He looked like a toad, as he said of himself. His sexual life was more intricate than the plot of a Restoration comedy; and he once remarked, with a humor rare in his profession, that sex preoccupied him far more than philosophy. He did not write like a philosopher either, for he commanded a graceful prose style that could turn the subtlest concept into a memorable aphorism or a playable drama. But Jean-Paul Sartre managed to become an influential philosopher at a moment in history when philosophers had ceased to influence almost anybody.

That moment was the bitter aftermath of World War II. Exhausted Europe, shaken by the absolute evil Adolf Hitler seemed to represent and by the paralyzing fear of nuclear annihilation, had been delivered not into peace but into the ambiguous stalemate of the cold war.

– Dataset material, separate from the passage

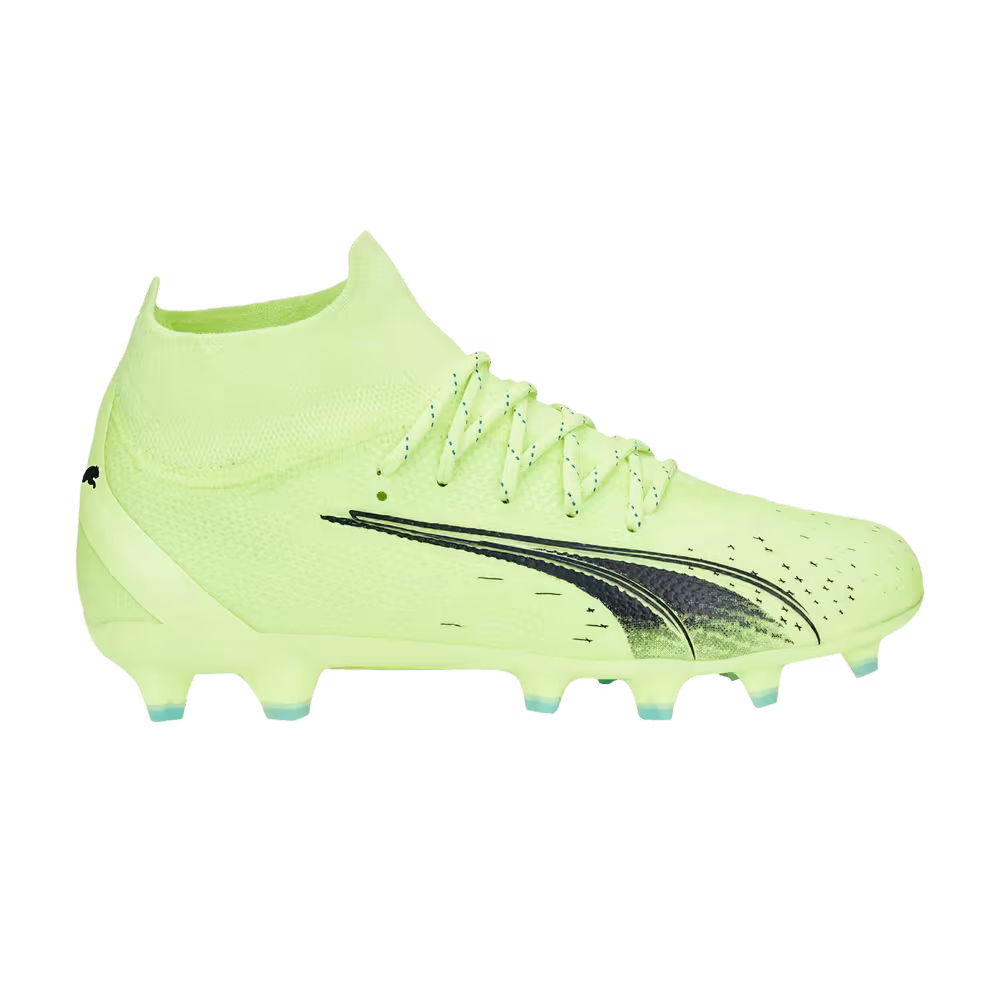 Puma Ultra Pro FG AG Jr Fastest Pack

Looking for guidance when most moral values seemed questionable and all ideals suspect, the postwar generation found solace in the austere arms of existentialism. Sartre did not invent the term, and he owed a heavy intellectual debt to more profound European thinkers, notably the opaque German Philosopher Martin Heidegger. But in Sartre's prose, abstract ideas were translated into demands for decision. "Man is free," he wrote. "The coward makes himself cowardly. The hero makes himself heroic."

Because God does not exist, said Sartre, man defines what he is, his essence, through his own actions. Each individual is responsible for choosing one course of action over another. It is the choice that gives value to the act, and nothing that is not acted upon has value. Lending a moral dimension to an otherwise indifferent universe, Sartre declared that a person cannot define himself by "disappointed dreams, miscarried hopes or vain expectations." Most people seek to evade responsibility by blaming something or somebody else for their fate. Sartre regarded this as "bad faith." It is the real curse of the characters in his most famous play, No Exit (1944), who whine, "Hell is other people."

Sartre expounded his ideas in nine plays, four novels, five major philosophical works, innumerable lectures, and essays written for Les Temps Modernes, the magazine he helped found in 1945. Among its contributors was another action-oriented writer, Albert Camus, who subsequently broke with Sartre in a bitter dispute over the nature of Stalinism, which Camus deplored. Sartre led demonstrations, fired off protests and manned almost every political barricade raised by the left. Ironically, his most conspicuous disciples—the young, the bitter and the cynical—did little or nothing and understood Sartre least. Had he not proclaimed life absurd, reality nauseating and man free—of moral laws, religious commandments, restricting obligations either to ideals or family? The long-haired beatniks became part of Sartre's mystique.